- Birth name: وحید سرور
- Born: 1971
- Origin: Afghanistan
- Genres: Pop
- Occupation: Singer
- Years active: 2000–present
- Website: http://www.VahidSoroor.com/

= Vahid Soroor =

Vahid Soroor (Persian: وحید سرور; born 1971) is an Afghan singer.

Soroor was born in Kabul, Afghanistan, to two established cinema, theatre, TV and radio artist parents Mazida and Khan Agha Soroor, he caught on to music at an early age. At the age of eight he performed for school concerts at Said Noor Mohammad Shah Mina School in Karte-Nau. Vahid and his family moved to India in 1982, where he sang as the lead singer for his school in more than five large concerts. Vahid Soroor left (during a Qawali concert in India). In the spring of 1987, Vahid and his family moved to Canada, where he teamed up with his two brothers Walid and Wais Soroor and performed as the lead singer for the first musical group of Afghanistan in Toronto called Caravan in 1988. Vahid, then, joined his brother Walid Soroor and started a group called king of hearts or Sultane Qalbha where he assumed the role of the keyboard player while he continued his post secondary education at York University in Toronto.

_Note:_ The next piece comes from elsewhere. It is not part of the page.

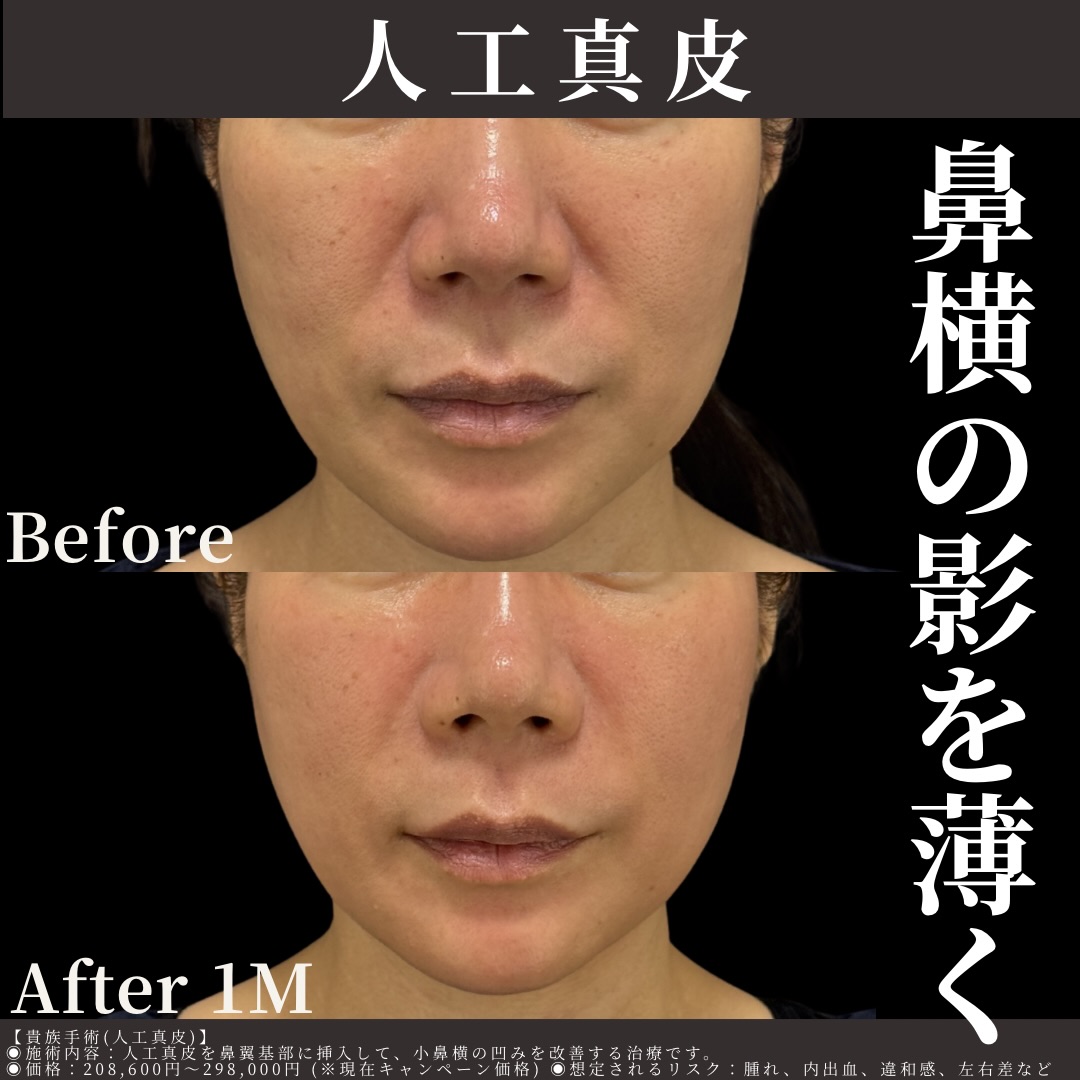 人工真皮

Vahid was successful as a keyboard player and played with the likes of Hangama, Seema Tarana, Shadkam, Jawad Ghaziar and Walid Soroor among others artists from Afghanistan. Vahid returned to singing in 2004 and released his first CD titled Let's Dance in December 2005, which was well received by fans. Since the release of his CD, Vahid was invited to perform at several functions including; the 25th anniversary of the Ontario Afghan Association in 2006, the CHIN International picnic (an event held in Toronto, Canada, where artists from different nations represent their art and culture) and several fundraising events organized by local University students that were also from Afghanistan including one for the University of Kabul and One for the children of Afghanistan.

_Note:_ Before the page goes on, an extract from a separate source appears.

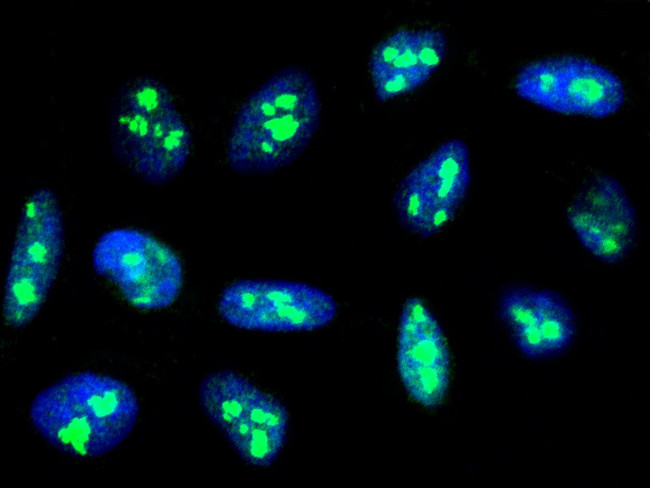 Fibrillarin Antibody in Immunocytochemistry (ICC/IF)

One of the reasons for Soroor's success has been his natural ability to sing in different languages and with different accents. Soroor can sing Dari, Pashtu, Hindi, Spanish, and Arabic. Vahid can also sing in English.
Vahid gets his motivation for the music of Afghanistan from the earlier legend Ahmad Zahir, Farhad Darya and Amir Jan Sabori who have employed energy, emotions, creativity and professionalism to represent their art and their country.

Soroor's most recent projects include a new CD which will be released at the end of 2010, singing three songs alongside Hangama and Shadkam, for the upcoming movie Ehsas, which will be released soon and arranging an album for Hangama. Vahid’s new CD titled “Soroor” contains 12 new songs composed by Vahid himself, his brother Wais Soroor, Idris Sadozai and his father Khan Agha Soroor.

Soroor holds an honours degree in Biochemistry and Bachelor of Education with honors and is currently teaching chemistry and biology. Vahid Soroor is also involved in the Afghan community and has volunteered his time as a consultant and as an artist on several occasions, which has earned him respect from his compatriots in Toronto. Soroor recently coordinated an extensive project about the needs of a Youth for his countrymen in Toronto, a project funded by the Ministry of Children and Youth Services in Toronto. Soroor was subsequently interviewed by the Toronto Star and the CBC radio to shed more light on the matter.

He also presents the Dari Persian version of Who Wants To Be A Millionaire? since 2010.

== Discography ==
- Let's dance
- Soroor

==Personal life==
At an early age, he married Anita and in 1999 she gave birth to a daughter, Miriam. After their divorce, Vahid remarried to Seena who had two more children, Sophia and Izick.